We keep saying water, water. But we have forgotten the ways to conserve it
From Prime Minister Narendra Modi to Amitach Bachhan advocate frequent washing of hands to protect oneself from COVID-19. UNICEF also issues comprehensive guidelines for washing hands at least ten times a day. All these measures require water, running water.
NITI Aayog mentions that India is undergoing the worst water crisis in its history and nearly 600 million people are facing high to extreme water stress. The report says India is placed at 120th amongst 122 countries in the water quality index, with nearly 70% of water being contaminated. Statistics apart, it is a fact that the nation faces severe water shortage – almost throughout the year in many rural areas and during summer months in urban areas. Water is still rationed.
It is in this context that we must consider the explosive situation arising out of the COVID-19 crisis. Along with face masks and other PPE, water has become an essential part of coronavirus care. Everyone says we must wash our hands at least four times under running water. This is obviously in addition to the routine washing before and after meals etc.
Respiratory viruses like coronavirus disease (COVID-19) spread when mucus or droplets containing the virus get into your body through your eyes, nose or throat. Most often, this happens through your hands. Hands are also one of the most common ways that the virus spreads from one person to the next, says UNICEF
During a global pandemic, one of the cheapest, easiest, and most important ways to prevent the spread of a virus is to wash your hands frequently with soap and water.
Per UNICEF guidelines: In the context of COVID-19 prevention, you should make sure to wash your hands at the following times:
1)After blowing your nose, coughing or sneezing
2)After visiting a public space, including public transportation, markets and places of worship
3)After touching surfaces outside of the home, including money
4)Before, during and after caring for a sick person
5)Before and after eating
6)In general, you should always wash your hands at the following times:
7)After using the toilet
8)Before and after eating
9)After handling garbage
10)After touching animals and pets
11)After changing babies’ diapers or helping children use the toilet
12)When your hands are visibly dirty
13)For this, we need water in large quantities. Estimates are that one needs at least a litre and half per handwash which works out to 18 litres per head and 90 litres per family of five – that too for hand-wash alone.
Municipal water supply is limited to couple of hours on the morning and evening nearly half of Mumbai which lives in slums does not have the luxury of overhead storage facility. This is exactly why you find crowds doing their wash during those water supply hours during non-summer days. The situation is grim during the summer months when even housing societies are forced to go for tankers with no guarantee of the source of drawing water. I have seen office complexes in Mumbai having no water and the staff running to nearby hotels to wash.
We keep saying water, water. But we have forgotten the ways to conserve it.
Now, let me bring up some official data into focus. The government has identified eight crore migrant labour to be covered Under Atma Nirbhar Bharat package, for distribution of 5 Kg of food grains per month for two months. There are some other stats which speak of 14 crore migrant labour. This equals 7 Mumbais. Imagine the city crisis multiplied by 7 times.
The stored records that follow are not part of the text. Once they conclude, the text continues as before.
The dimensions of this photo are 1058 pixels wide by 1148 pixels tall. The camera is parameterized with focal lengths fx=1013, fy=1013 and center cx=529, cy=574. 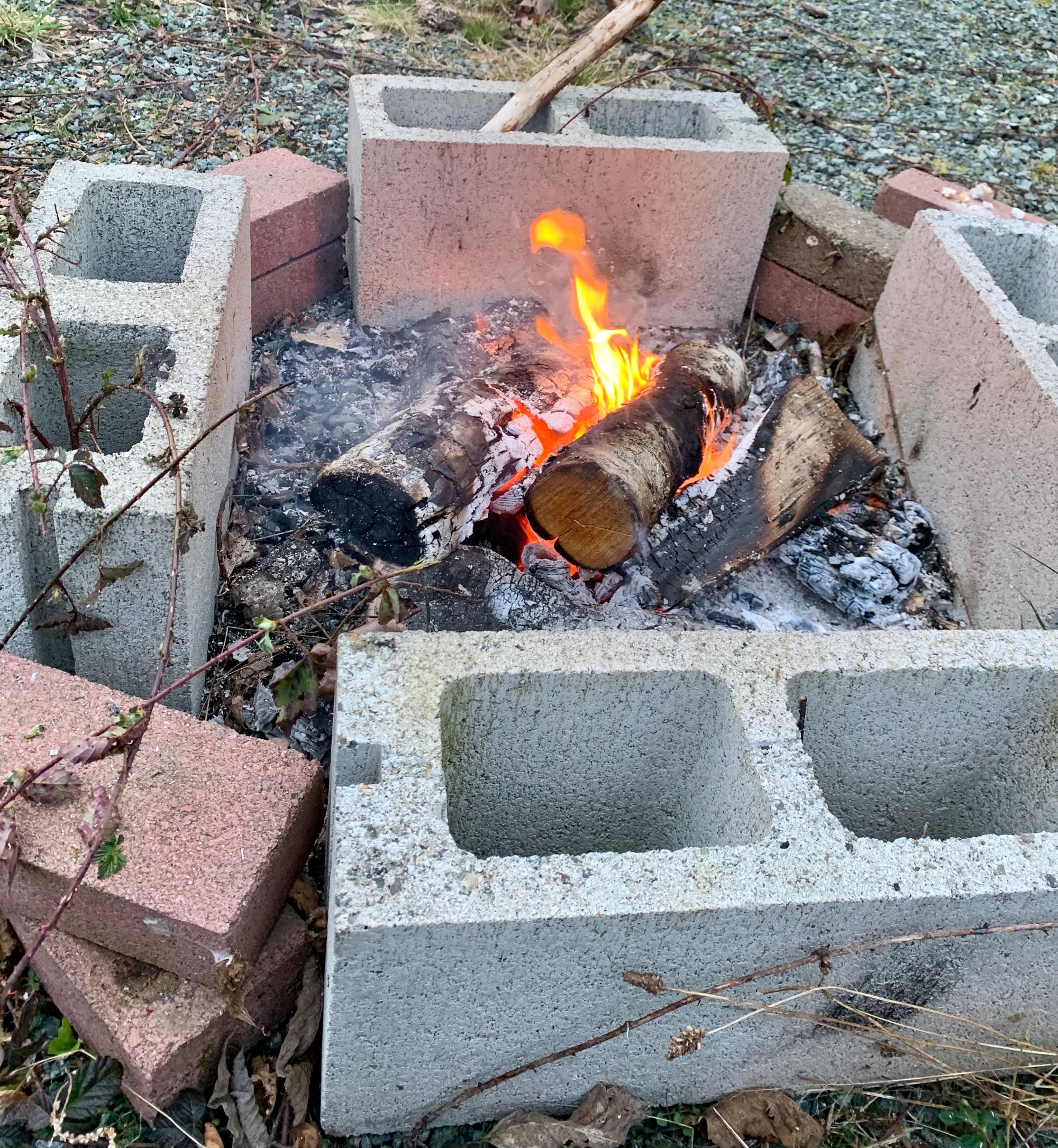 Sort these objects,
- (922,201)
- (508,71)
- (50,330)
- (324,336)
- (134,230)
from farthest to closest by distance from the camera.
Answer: (508,71), (922,201), (324,336), (134,230), (50,330)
We are told that close to 15 lakh migrants have just been transported to their native places. They need 2.25 crore litres of water per day for hand-wash alone. And we are talking about numbers as of May 15. The Home Ministry said about two lakh migrants have been transported daily so far and the figure will increase to three lakh-a-day.
What is the solution? Good question. Our planners are notorious for not planning! Else, the migrant crisis of the gigantic seize would not have erupted. Delhi, Mumbai and then Surat gave us enough warning signals about the volcanos called migrants. We ignored. But now that we are trying to grapple with the situation, let us look at some possible solutions.
The cities might have been able to save some water commercially due to the lockdown series, but then the domestic consumption did increase. There could have been some saving on the industrial water consumption that could be judiciously diverted for coronacare. Water kiosks wherever possible – say near railway stations and bus depots in small towns is another idea that one can work on.
Most importantly, I think water-for-hand-wash should be the part of corona relief. As we try to ease pressure on the PDS when we distribute food items, we most look at putting up had-wash kiosks/facilities pan-India.
Remember, sanitisers with alcohol do have side-affects. You are supposed to rub your hands even with sanitiser drops for full 20 seconds for desired effect. Their usage can cause skin dryness and lead to nail ailments. My dermatologist told me to avoid hand sanitiser. I can afford it because I have the running water facility. Millions don’t.